Top of AVAILABLE DATA

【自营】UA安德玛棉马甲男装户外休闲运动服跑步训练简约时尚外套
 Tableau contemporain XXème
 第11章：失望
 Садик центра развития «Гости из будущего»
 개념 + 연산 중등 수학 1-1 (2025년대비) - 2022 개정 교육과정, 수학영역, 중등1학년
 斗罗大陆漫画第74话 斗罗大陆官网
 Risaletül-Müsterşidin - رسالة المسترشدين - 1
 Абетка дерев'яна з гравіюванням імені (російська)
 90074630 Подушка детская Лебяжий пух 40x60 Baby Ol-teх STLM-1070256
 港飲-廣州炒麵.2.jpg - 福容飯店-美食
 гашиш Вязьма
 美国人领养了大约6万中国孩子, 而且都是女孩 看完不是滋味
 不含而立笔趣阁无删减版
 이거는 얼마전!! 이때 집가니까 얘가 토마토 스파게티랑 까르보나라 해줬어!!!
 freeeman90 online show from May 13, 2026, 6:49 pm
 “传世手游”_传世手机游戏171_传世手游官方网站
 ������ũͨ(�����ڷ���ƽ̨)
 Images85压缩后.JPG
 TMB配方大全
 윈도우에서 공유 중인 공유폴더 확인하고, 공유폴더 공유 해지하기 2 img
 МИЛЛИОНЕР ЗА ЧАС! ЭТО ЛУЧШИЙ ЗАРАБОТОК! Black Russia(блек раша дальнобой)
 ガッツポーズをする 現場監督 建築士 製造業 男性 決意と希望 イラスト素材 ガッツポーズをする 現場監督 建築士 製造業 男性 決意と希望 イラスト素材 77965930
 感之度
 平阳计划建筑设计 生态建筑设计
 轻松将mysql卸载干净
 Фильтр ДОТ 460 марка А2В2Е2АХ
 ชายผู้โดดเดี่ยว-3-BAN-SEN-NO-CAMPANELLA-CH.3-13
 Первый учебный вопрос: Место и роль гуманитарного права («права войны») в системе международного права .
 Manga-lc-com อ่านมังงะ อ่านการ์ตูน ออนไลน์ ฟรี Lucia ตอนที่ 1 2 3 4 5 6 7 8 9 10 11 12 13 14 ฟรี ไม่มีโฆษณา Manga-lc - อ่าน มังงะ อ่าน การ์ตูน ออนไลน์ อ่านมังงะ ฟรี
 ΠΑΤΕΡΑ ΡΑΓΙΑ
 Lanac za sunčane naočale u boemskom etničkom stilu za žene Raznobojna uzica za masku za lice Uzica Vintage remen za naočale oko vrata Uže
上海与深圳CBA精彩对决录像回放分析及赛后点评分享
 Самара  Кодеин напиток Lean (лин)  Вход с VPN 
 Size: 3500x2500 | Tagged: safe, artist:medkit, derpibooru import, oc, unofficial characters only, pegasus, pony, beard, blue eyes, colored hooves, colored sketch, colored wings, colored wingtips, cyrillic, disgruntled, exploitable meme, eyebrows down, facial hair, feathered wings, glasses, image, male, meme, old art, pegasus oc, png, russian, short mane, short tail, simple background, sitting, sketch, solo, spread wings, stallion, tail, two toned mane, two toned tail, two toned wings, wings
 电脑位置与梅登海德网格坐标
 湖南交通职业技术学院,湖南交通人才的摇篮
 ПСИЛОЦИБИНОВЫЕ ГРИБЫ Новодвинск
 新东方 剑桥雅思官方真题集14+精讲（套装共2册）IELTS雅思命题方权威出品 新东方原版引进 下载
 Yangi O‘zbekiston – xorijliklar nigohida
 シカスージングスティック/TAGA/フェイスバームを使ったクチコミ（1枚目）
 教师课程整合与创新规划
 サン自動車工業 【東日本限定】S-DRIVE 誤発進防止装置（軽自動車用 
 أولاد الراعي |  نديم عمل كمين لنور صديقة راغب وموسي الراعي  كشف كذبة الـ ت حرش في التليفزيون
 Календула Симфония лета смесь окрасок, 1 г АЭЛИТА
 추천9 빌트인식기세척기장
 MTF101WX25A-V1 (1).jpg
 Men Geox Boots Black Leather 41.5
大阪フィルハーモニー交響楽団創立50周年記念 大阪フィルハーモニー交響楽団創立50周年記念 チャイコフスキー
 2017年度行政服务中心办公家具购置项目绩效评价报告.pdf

Bottom of AVAILABLE DATA

Retype the lines above without alteration. The first is the one containing "Yangi O‘zbekiston – xorijliklar nigohida", and the last is the final line of the data.

▶ _TASK RESPONSE_:
 Yangi O‘zbekiston – xorijliklar nigohida
 シカスージングスティック/TAGA/フェイスバームを使ったクチコミ（1枚目）
 教师课程整合与创新规划
 サン自動車工業 【東日本限定】S-DRIVE 誤発進防止装置（軽自動車用 
 أولاد الراعي |  نديم عمل كمين لنور صديقة راغب وموسي الراعي  كشف كذبة الـ ت حرش في التليفزيون
 Календула Симфония лета смесь окрасок, 1 г АЭЛИТА
 추천9 빌트인식기세척기장
 MTF101WX25A-V1 (1).jpg
 Men Geox Boots Black Leather 41.5
大阪フィルハーモニー交響楽団創立50周年記念 大阪フィルハーモニー交響楽団創立50周年記念 チャイコフスキー
 2017年度行政服务中心办公家具购置项目绩效评价报告.pdf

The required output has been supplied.